**Information shown:**
----------------

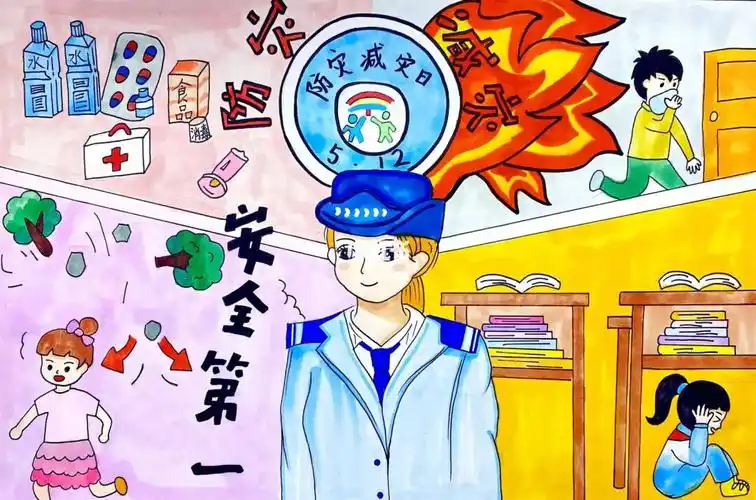 防灾减灾主题画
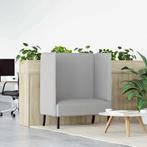 vidaXL Hoge Rug Bank Wolken grijs 109 x 56 x 121 cm Stof, Huis en Inrichting, Verzenden, Nieuw, Stof, Minder dan 150 cm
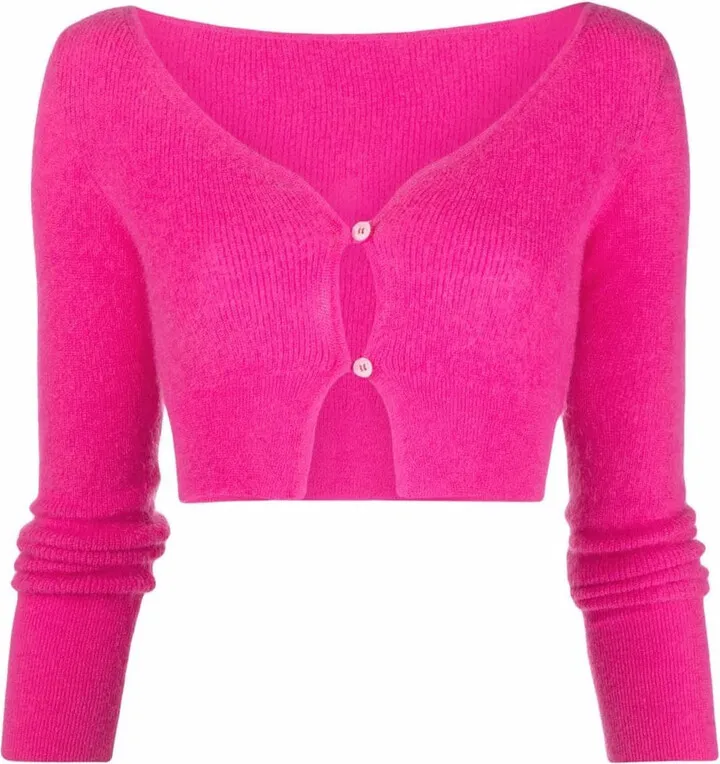 Le Cardigan Alzou V Neck Detail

----------------

**Work item:** Line by line, give the material above again exactly, but without any pictures.

**Exercise output:**
 防灾减灾主题画
 vidaXL Hoge Rug Bank Wolken grijs 109 x 56 x 121 cm Stof, Huis en Inrichting, Verzenden, Nieuw, Stof, Minder dan 150 cm
 Le Cardigan Alzou V Neck Detail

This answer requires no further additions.